Right now I’m sitting in an almost empty coffee shop section of a huge church in San Antonio. I’m alone except for a mother, grandfather and a child of about 8 years old seated at a table about 20 feet away. The child has an iPad as a babysitter while Mom and Grandpa stare into the empty cavernous foyer.
Occasionally Mom tries to get her son to do something other than play the iPad game and he bursts out, “I don’t want to do that. Leave me alone.”
Mom quickly obeys and grandpa just quietly minds his own business.
But then the little guy started into a screaming rant about the game that left mom helplessly watching and grandpa decided it was time to step in and exercise his authority. “Shhh. We’re in church.”
Remember, we are in a huge, empty foyer – more like a Starbucks than a church. I don’t think they even know I’m here. No one is in sight in any direction. No one is being disturbed by his noise, except mom and grandpa. And grandpa blames the need to be quiet upon being “in church”.

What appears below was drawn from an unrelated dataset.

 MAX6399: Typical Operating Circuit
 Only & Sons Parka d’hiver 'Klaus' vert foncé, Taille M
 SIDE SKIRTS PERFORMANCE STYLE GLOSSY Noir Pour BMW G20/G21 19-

Should that bother me? It does. In fact it really irritates me and here’s why.
I’ve seen so many parents say and do things that baffled me. I just wanted to ask them, “Do you realize what you just communicated to your child?”
“Shhhh, you’re in church,” says the problem here is the church.

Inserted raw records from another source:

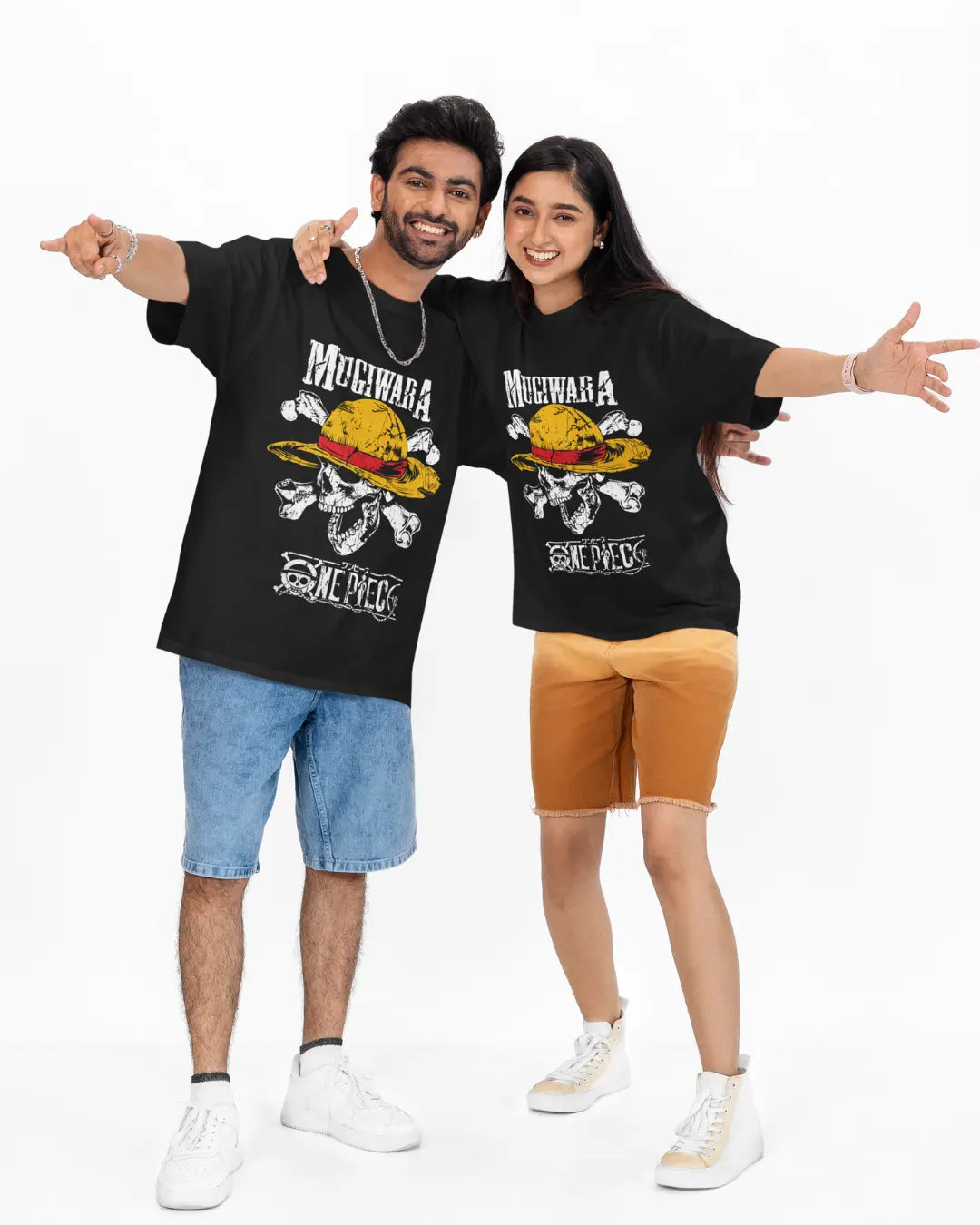 One Piece Unisex Oversized T-Shirt - -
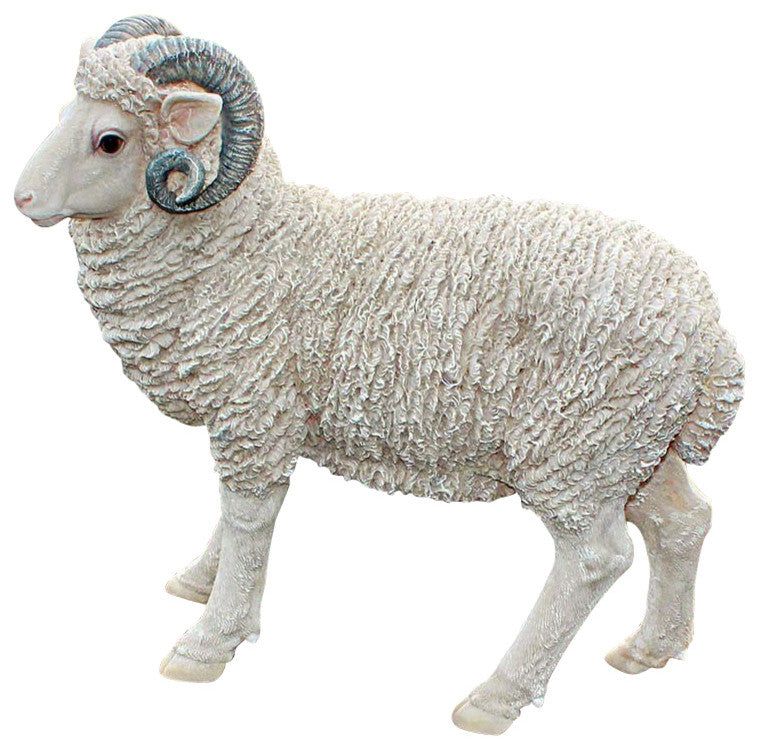 Curly The Ram Statue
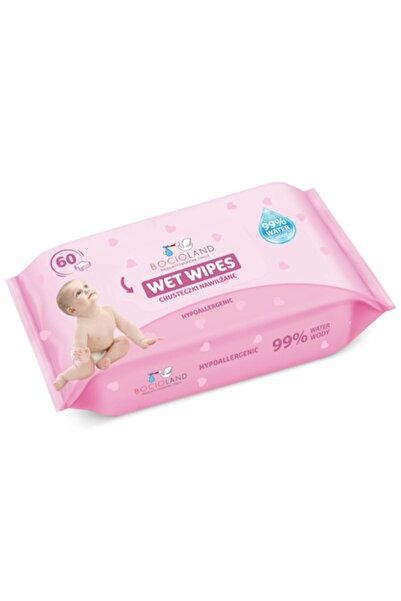 Bocioland Wet wipes, Bocioland, 99% water, Unscented, 60 pieces/pack
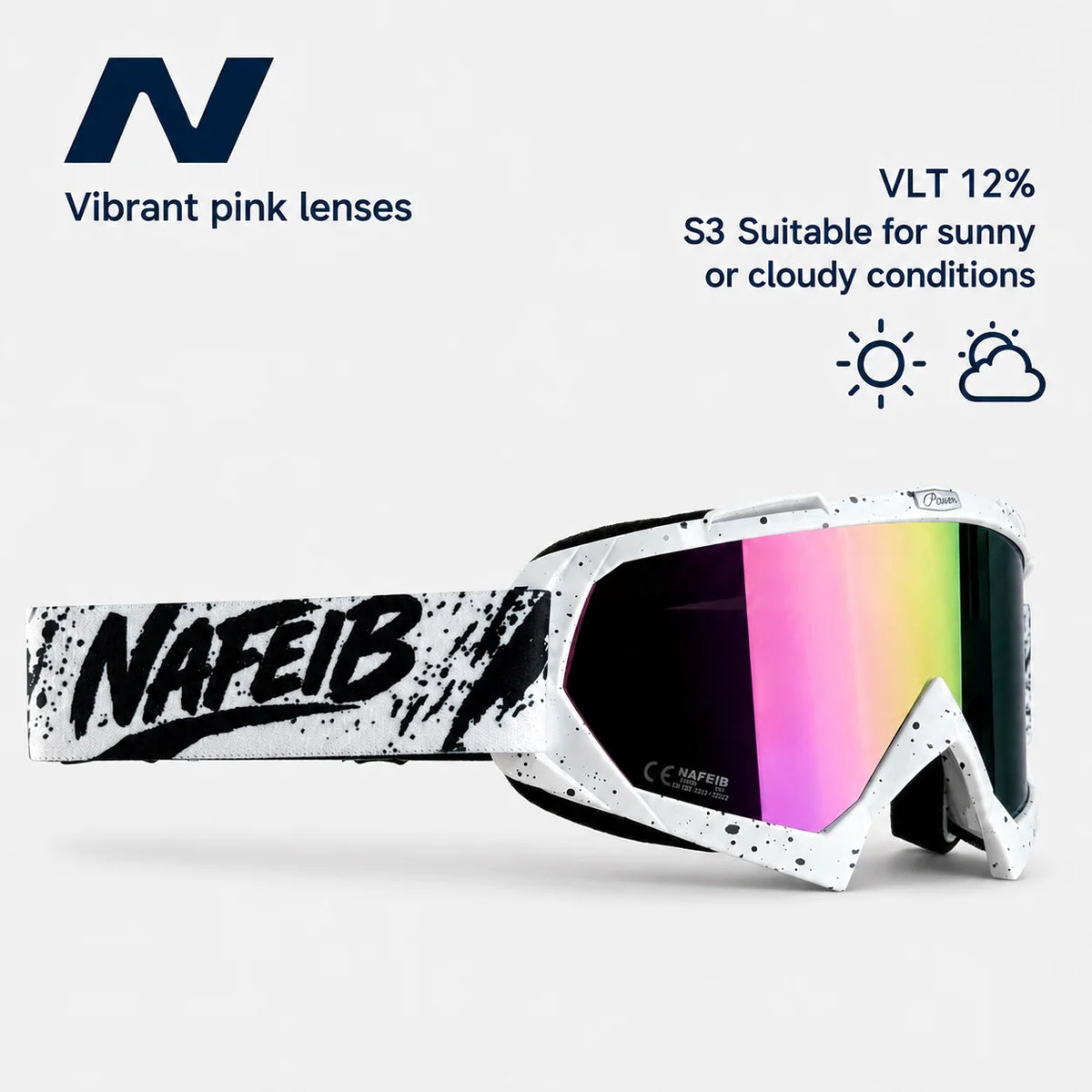 Gafas de esquí, ciclismo, motocicleta, gafas a prueba de viento, UV400, gafas de nieve para snowboard, gafas de esquí para deportes al aire libre de invierno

Little Rebel just heard, “I’m not the problem. Mom is not the problem. Grandpa is not the problem. The problem here is church. Church is a place you get in trouble for no reason at all. Me – good. Mom – good. Grandpa – good. Church – bad.”
But the problem is not that they are “in church” – cause they aren’t. The problem is Mom doesn’t love her son enough to endure the grief of confronting his self-will and helping him learn self-control. And who do you suppose she learned her poor parenting skills from? Instead of stepping in and telling the child to quiet down because civilized 8 year olds don’t throw a fit when they lose a game, grandpa blames the problem on the fact that we “are in church.”

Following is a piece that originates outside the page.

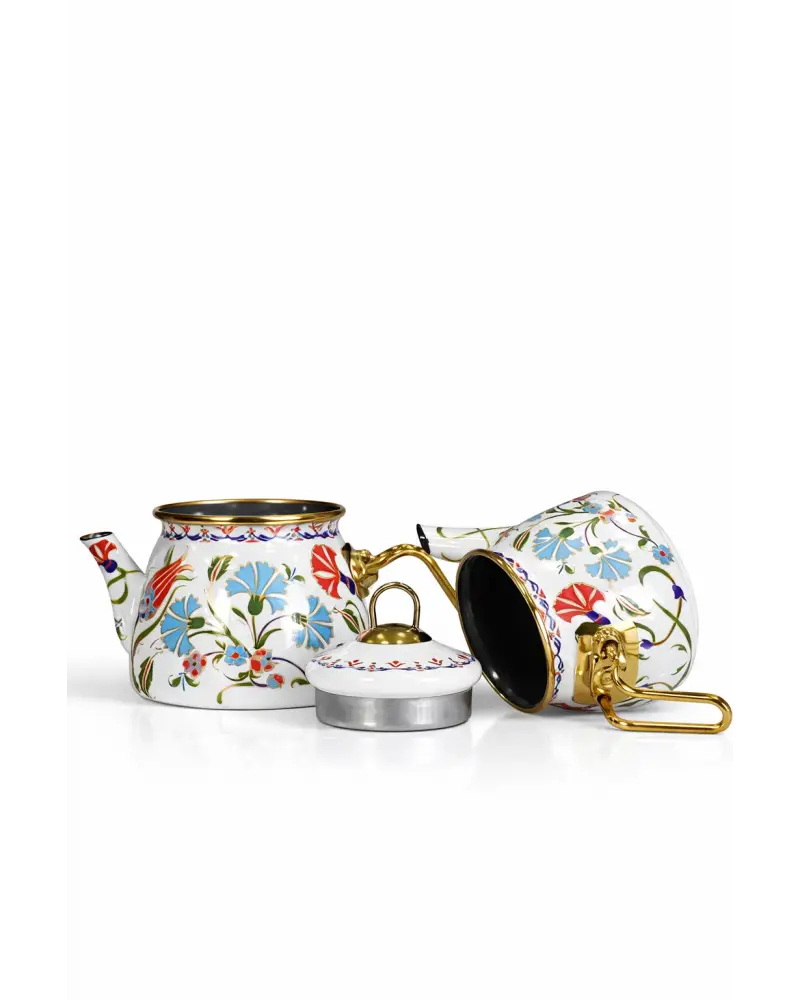 PR Home Defne Mini Model Emaye Çaydanlık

Additionally, Grandpa just said church is a place you have to put on a mask – be fake. Outside church you can be a real horse’s patoot – scream and yell like a banshee when things don’t go your way – and it’s OK. But “in church” I have to be different. I have to “act” different.
Grandpa, the problem is not that we “are in church”. The problem is not even with little Rebel. He is just doing what undisciplined children, who are in bondage to their own will, do. The problem is:
1. You didn’t train your daughter to discipline her child. And worse than that …
2. Just now you were not willing to risk your grandson’s disapproval. So instead of assuming responsibility for being the one expecting him to behave in a manner befitting an eight year old, you shifted the blame.
Does this make sense or do I sound like a ranting 8 year old?
Tell me if I am missing something here.
Discipline your children while there is hope. Otherwise you will ruin their lives.